> Task item
Exact copy, no pictures: repeat the data that follows.

Records from a data source:
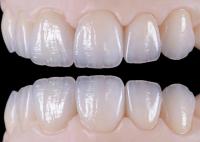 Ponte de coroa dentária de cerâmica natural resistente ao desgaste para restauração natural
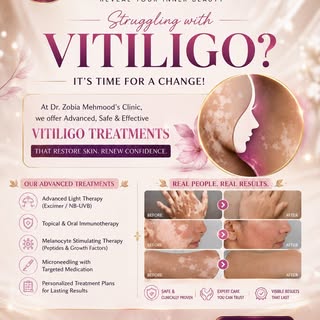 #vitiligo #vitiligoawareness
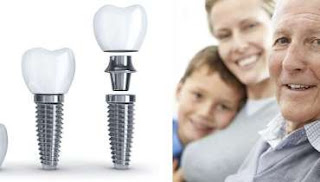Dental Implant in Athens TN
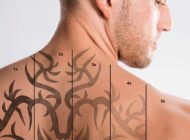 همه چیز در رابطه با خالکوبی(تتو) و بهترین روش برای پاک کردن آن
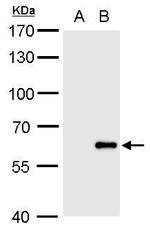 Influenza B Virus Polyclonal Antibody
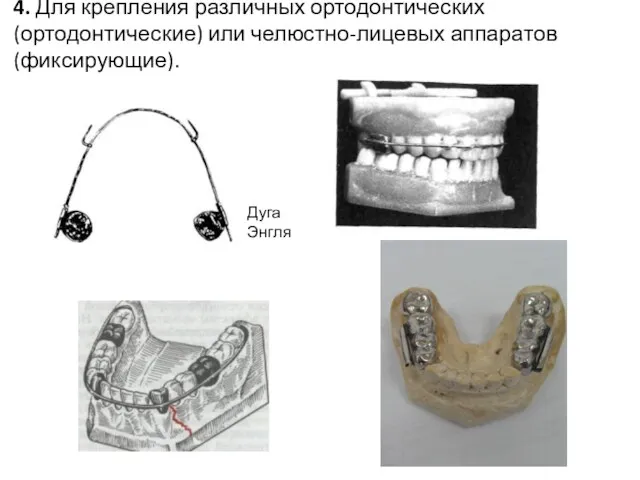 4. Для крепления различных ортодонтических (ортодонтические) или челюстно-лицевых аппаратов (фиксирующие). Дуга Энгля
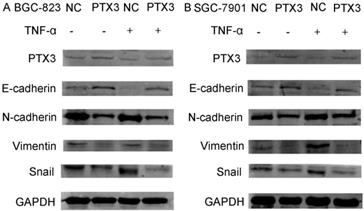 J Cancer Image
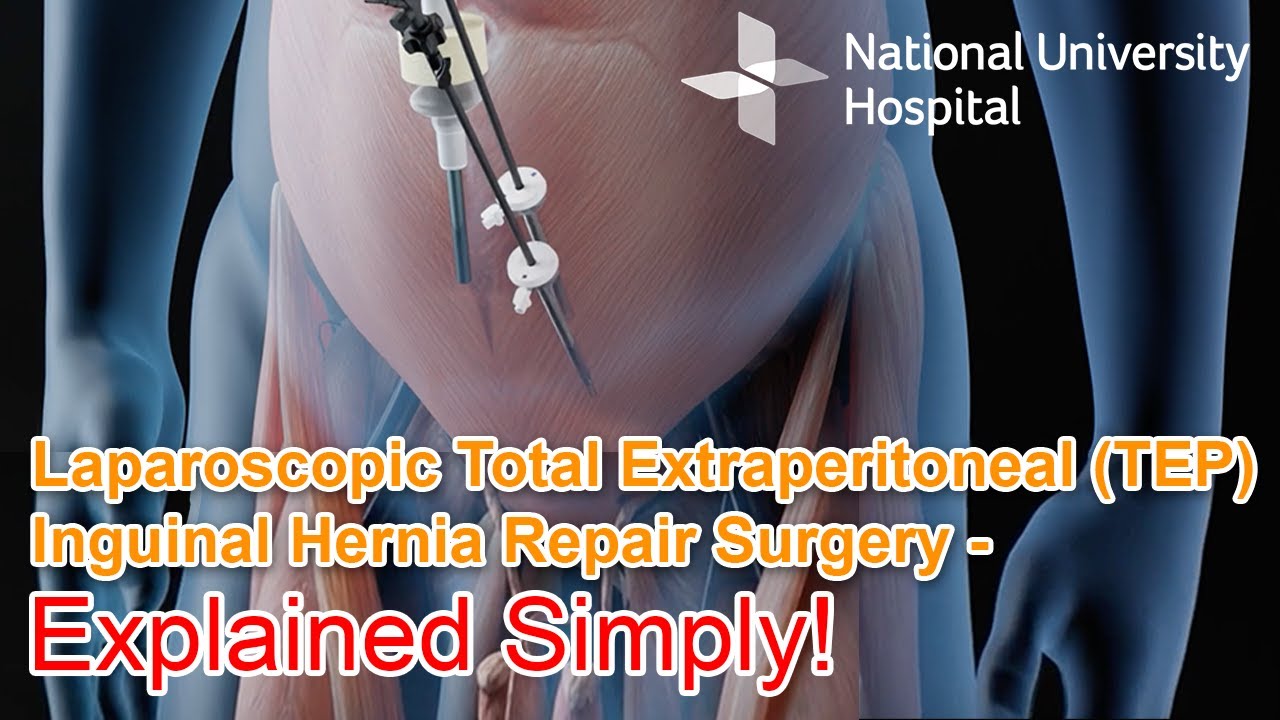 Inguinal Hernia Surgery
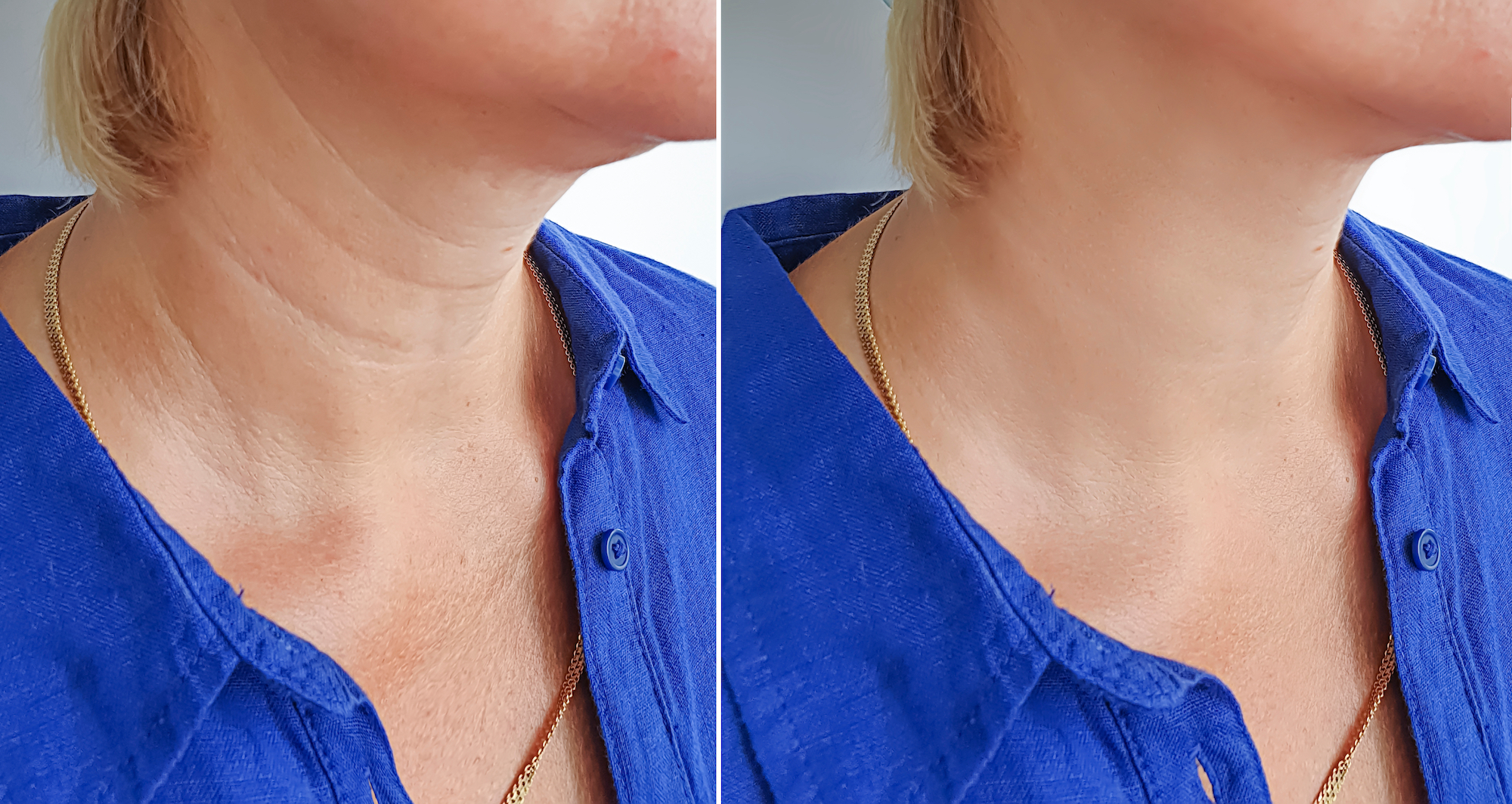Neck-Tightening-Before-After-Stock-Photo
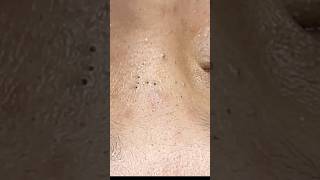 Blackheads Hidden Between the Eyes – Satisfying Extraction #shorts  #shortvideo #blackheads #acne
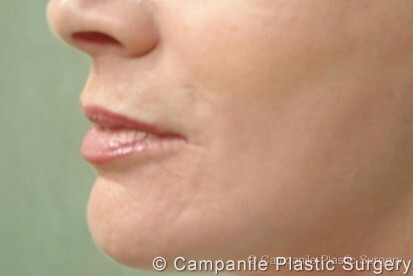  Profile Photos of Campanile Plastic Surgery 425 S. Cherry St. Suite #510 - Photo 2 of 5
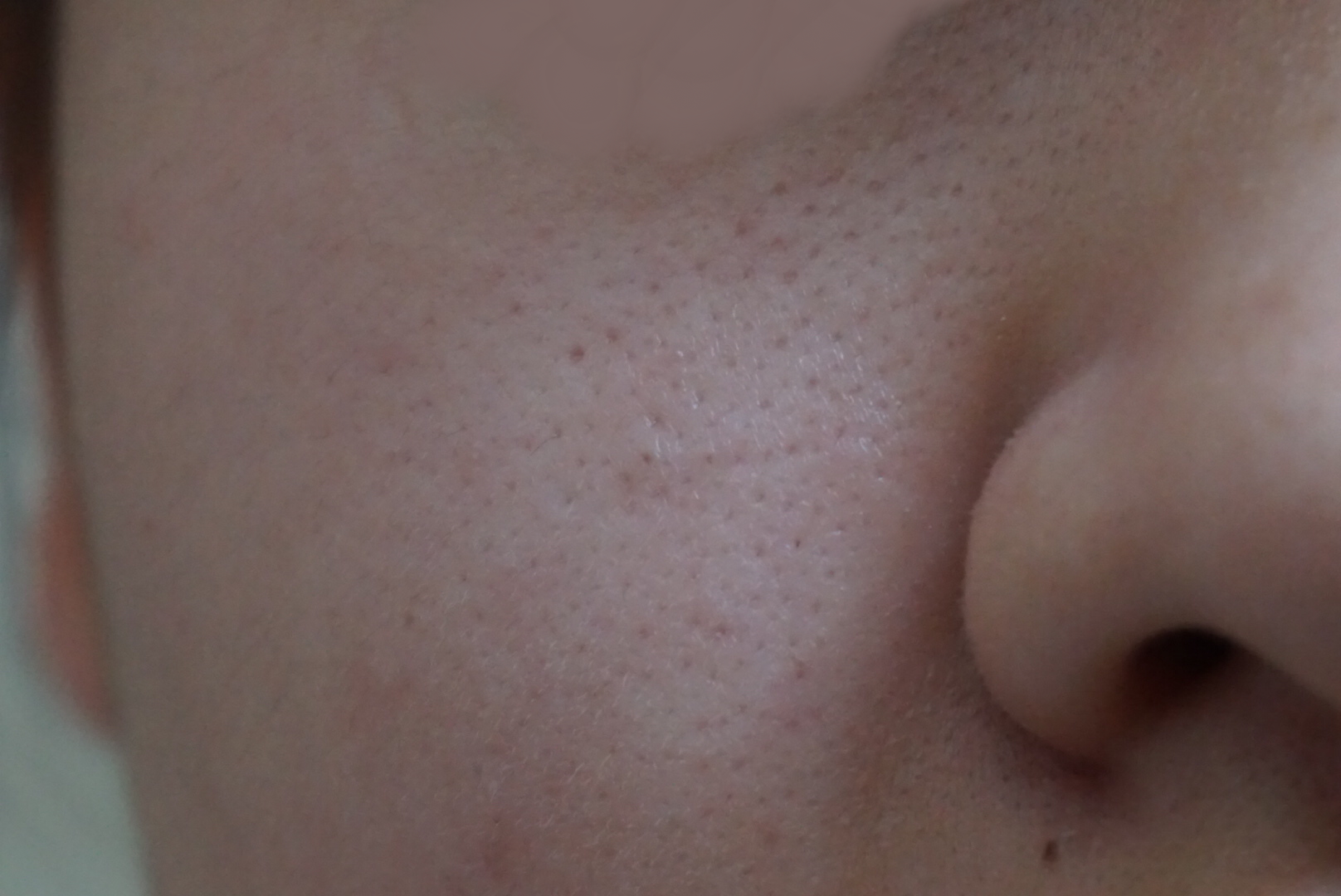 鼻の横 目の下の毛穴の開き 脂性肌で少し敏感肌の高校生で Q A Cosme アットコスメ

> Solution
 Ponte de coroa dentária de cerâmica natural resistente ao desgaste para restauração natural
 #vitiligo #vitiligoawareness
Dental Implant in Athens TN
 همه چیز در رابطه با خالکوبی(تتو) و بهترین روش برای پاک کردن آن
 Influenza B Virus Polyclonal Antibody
 4. Для крепления различных ортодонтических (ортодонтические) или челюстно-лицевых аппаратов (фиксирующие). Дуга Энгля
 J Cancer Image
 Inguinal Hernia Surgery
Neck-Tightening-Before-After-Stock-Photo
 Blackheads Hidden Between the Eyes – Satisfying Extraction #shorts  #shortvideo #blackheads #acne
  Profile Photos of Campanile Plastic Surgery 425 S. Cherry St. Suite #510 - Photo 2 of 5
 鼻の横 目の下の毛穴の開き 脂性肌で少し敏感肌の高校生で Q A Cosme アットコスメ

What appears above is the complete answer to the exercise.